AUBURN (CBS) - Eight best friends from Central Massachusetts survived a terrible accident in Auburn on Sunday and are now trying to turn their bad experience into a lesson for other teenagers.

The girls all piled into one SUV on Sunday evening, after their softball team's banquet. Three of the young women even crammed themselves into the vehicle's hatchback. No one was wearing a seat belt.

Auburn crash
These teens survived a crash in Auburn (WBZ-TV)

"We all knew what to do," says 17-year-old Pauline Muise. "But we didn't do it."

They were laughing, singing, and barely going over the speed limit when everything went wrong.

"The car just like went out of control," explains the driver, 17-year-old Holly Gignilliat. "It ended up on the other side of the road. And as soon as I tried to pull the car back onto the road on our side, the car just did a 180 and we ended up facing the other direction."

The SUV came to rest on its roof and the eight young women inside were tossed around like dice. Incredibly, they all survived and only two had minor injuries. One of them, 15-year-old Kelly Moriarty, broke two of her vertebrae.

Auburn
SUV after Auburn crash (WBZ-TV)

"As soon as we got out I looked around and I saw everybody was standing," Moriarty says. "And I was like, how are we all standing after we flipped over? I don't think it's still set into us that we all lived through this."

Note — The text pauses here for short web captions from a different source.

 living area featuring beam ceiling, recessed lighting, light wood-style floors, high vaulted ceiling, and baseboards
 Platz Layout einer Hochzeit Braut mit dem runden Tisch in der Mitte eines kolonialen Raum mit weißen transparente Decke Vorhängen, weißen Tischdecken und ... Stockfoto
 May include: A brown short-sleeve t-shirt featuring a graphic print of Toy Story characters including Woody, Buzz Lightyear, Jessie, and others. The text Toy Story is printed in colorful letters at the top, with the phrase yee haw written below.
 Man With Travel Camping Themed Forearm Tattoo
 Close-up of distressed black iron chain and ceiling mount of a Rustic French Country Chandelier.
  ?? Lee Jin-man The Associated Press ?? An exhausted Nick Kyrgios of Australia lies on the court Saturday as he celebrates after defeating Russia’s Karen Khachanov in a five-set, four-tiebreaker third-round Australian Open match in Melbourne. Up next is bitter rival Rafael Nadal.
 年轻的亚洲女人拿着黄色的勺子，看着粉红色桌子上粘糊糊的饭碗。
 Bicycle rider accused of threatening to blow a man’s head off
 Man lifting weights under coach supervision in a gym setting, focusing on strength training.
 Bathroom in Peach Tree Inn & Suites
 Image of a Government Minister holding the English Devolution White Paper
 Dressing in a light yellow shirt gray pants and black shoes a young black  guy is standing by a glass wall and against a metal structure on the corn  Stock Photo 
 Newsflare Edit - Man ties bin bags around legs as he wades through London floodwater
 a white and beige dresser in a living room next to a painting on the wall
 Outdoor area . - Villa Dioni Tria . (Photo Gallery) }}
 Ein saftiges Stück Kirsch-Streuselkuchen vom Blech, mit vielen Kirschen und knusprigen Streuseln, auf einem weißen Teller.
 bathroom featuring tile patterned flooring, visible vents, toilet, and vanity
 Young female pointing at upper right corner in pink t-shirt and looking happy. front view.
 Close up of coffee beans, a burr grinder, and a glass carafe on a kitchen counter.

But the young women tell WBZ they now want to use their experience to remind other teens that no one is as invincible as they feel in their youth.

"Teenagers are going to look at this and think, 'Oh, they're over-exaggerating. We're still going to do what we want,'" says Muise. "But if we can get one group of teenagers to change their minds, maybe we can save somebody from going through what we went through."

"We don't want to keep it hidden," offered 16-year-old Shayna Kubilis. "I mean, yeah, we are kind of ashamed that we did it, and it's stupid. But we want other people to not be stupid like we were at the time."

They've already started talking about the lessons they've learned back at school this week. And they are considering following the advice of one guidance counselor who suggested they make presentations about driving safety this spring, around prom season.